All lines holding the word "that" in the listing below need to be copied.

Given data:

◇ ◇ ◇ ◇ ◇ ◇ ◇

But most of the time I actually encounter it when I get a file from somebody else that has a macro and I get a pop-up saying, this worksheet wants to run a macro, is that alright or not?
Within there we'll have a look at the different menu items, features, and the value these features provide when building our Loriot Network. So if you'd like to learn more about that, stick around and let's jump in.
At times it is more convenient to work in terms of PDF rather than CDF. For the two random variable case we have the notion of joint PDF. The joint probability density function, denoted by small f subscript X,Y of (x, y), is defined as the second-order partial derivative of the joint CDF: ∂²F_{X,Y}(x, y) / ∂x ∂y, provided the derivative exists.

◇ ◇ ◇ ◇ ◇ ◇ ◇

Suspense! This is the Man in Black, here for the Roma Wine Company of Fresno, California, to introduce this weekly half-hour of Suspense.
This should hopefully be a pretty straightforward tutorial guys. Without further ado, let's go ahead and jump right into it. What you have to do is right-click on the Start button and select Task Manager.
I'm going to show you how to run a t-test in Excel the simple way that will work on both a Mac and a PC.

◇ ◇ ◇ ◇ ◇ ◇ ◇

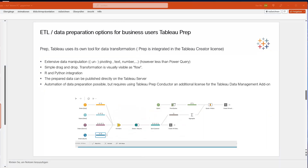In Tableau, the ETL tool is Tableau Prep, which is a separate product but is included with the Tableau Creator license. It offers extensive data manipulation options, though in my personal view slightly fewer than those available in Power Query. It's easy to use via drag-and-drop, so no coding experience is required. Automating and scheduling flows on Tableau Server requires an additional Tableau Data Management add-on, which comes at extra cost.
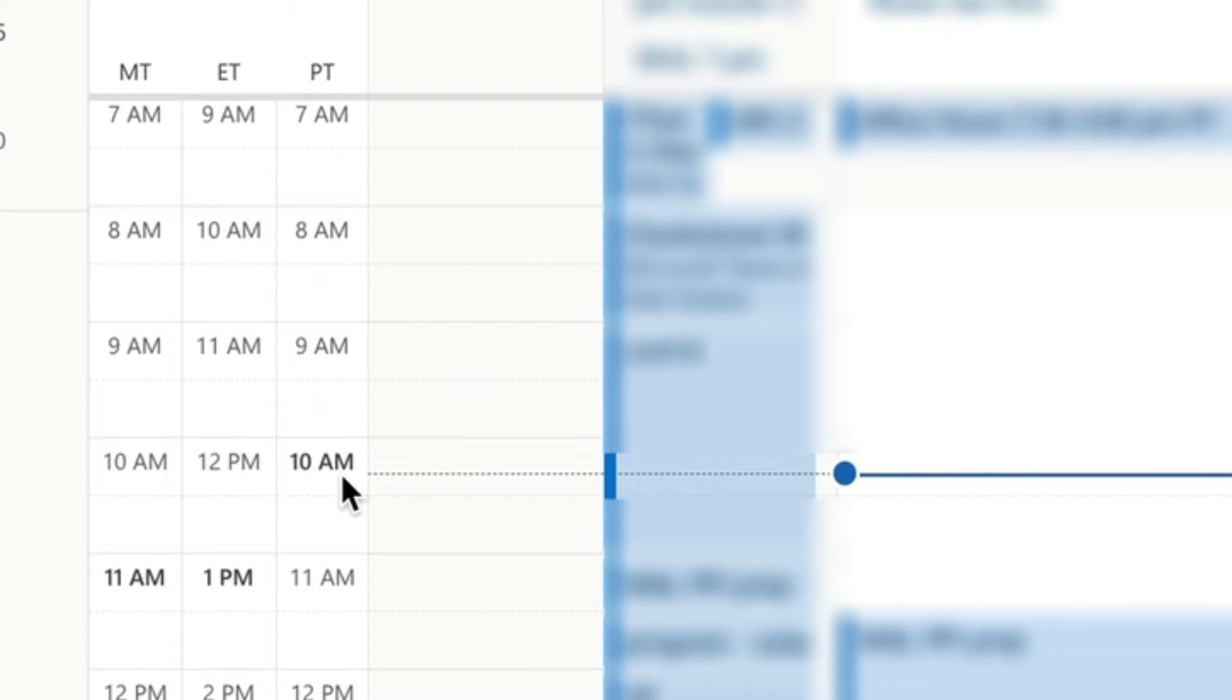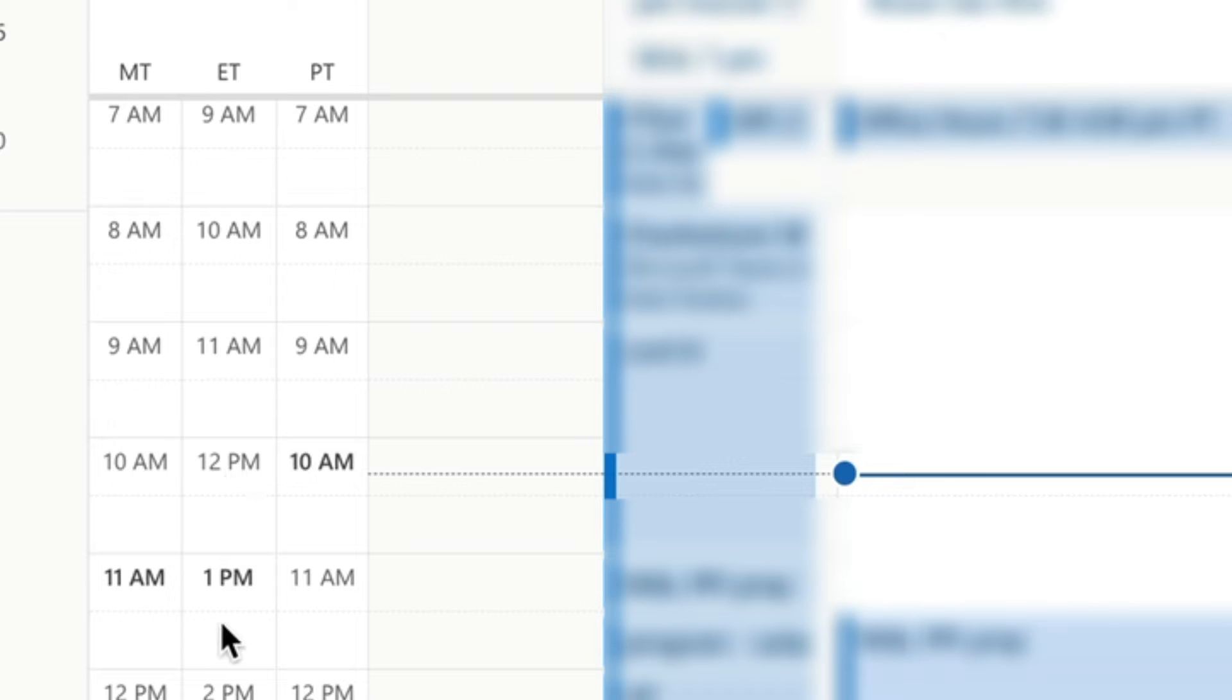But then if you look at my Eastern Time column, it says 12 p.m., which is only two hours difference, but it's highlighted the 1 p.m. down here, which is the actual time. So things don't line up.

◇ ◇ ◇ ◇ ◇ ◇ ◇

Exercise output:
But most of the time I actually encounter it when I get a file from somebody else that has a macro and I get a pop-up saying, this worksheet wants to run a macro, is that alright or not?
Within there we'll have a look at the different menu items, features, and the value these features provide when building our Loriot Network. So if you'd like to learn more about that, stick around and let's jump in.
I'm going to show you how to run a t-test in Excel the simple way that will work on both a Mac and a PC.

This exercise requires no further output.